3. Schließlich besteht auch keine Leistungsfreiheit der Beklagten wegen der – an sich offensichtlichen - Verletzung der Obliegenheit des Klägers zur Anzeige des Versicherungsfalls spätestens innerhalb einer Woche nach Eintritt gemäß § 5 Nr. 2 Abs. 1 i. V. m. § 6 Nr. 1 AVB.
a) Das Landgericht hat hierzu mit näherer Begründung festgestellt, daß der Kläger nicht vorsätzlich gehandelt habe. Das greift die Berufung nicht an, so daß weiterhin von fehlendem Vorsatz auszugehen ist.

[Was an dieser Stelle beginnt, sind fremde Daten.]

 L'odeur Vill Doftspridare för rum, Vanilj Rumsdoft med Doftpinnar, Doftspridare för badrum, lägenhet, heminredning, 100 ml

b) Die Berufung wendet sich lediglich gegen die Ausführungen des Landgerichts dahin, daß die grob fahrlässige Verletzung der Anzeigepflicht durch den Kläger „nicht relevant“ geworden sei, so daß sie für den Kläger „folgenlos“ bleibe, weil die Beweisaufnahme ergeben habe, „daß auch die Beklagte zur Sicherung und Durchsetzung ihrer Ansprüche in Rumänien nicht mehr erreicht hätte als der Kläger.“
Das ist im rechtlichen Ansatz nicht überzeugend, jedenfalls mißverständlich formuliert; die tatsächliche Feststellung, auch die Beklagte hätte zur Sicherung und Durchsetzung - natürlich nicht „ihrer“ Ansprüche, sondern - der Ansprüche des Klägers in Rumänien nicht mehr erreicht als der Kläger, rechtfertigt aber die Anwendung der Regelung des § 6 Nr. 1 Satz 2 und 3 AVB, die das Landgericht im Sinn gehabt haben könnte. Danach bleibt - insoweit entsprechend der gesetzlichen Regelung in § 6 Abs. 3 Satz 2 VVG - der Versicherer bei grob fahrlässiger Verletzung einer Obliegenheit aus § 5 AVB zur Leistung insoweit verpflichtet, als die Verletzung Einfluß weder auf die Feststellung des Versicherungsfalls noch auf die Feststellung oder den Umfang der dem Versicherer obliegenden Leistung gehabt hat; handelt es sich hierbei um die Verletzung von Obliegenheiten zwecks Abwendung oder Minderung des Schadens, so bleibt der Versicherer zur Leistung insoweit verpflichtet, als der Umfang des Schadens auch bei gehöriger Erfüllung der Obliegenheiten nicht geringer gewesen wäre.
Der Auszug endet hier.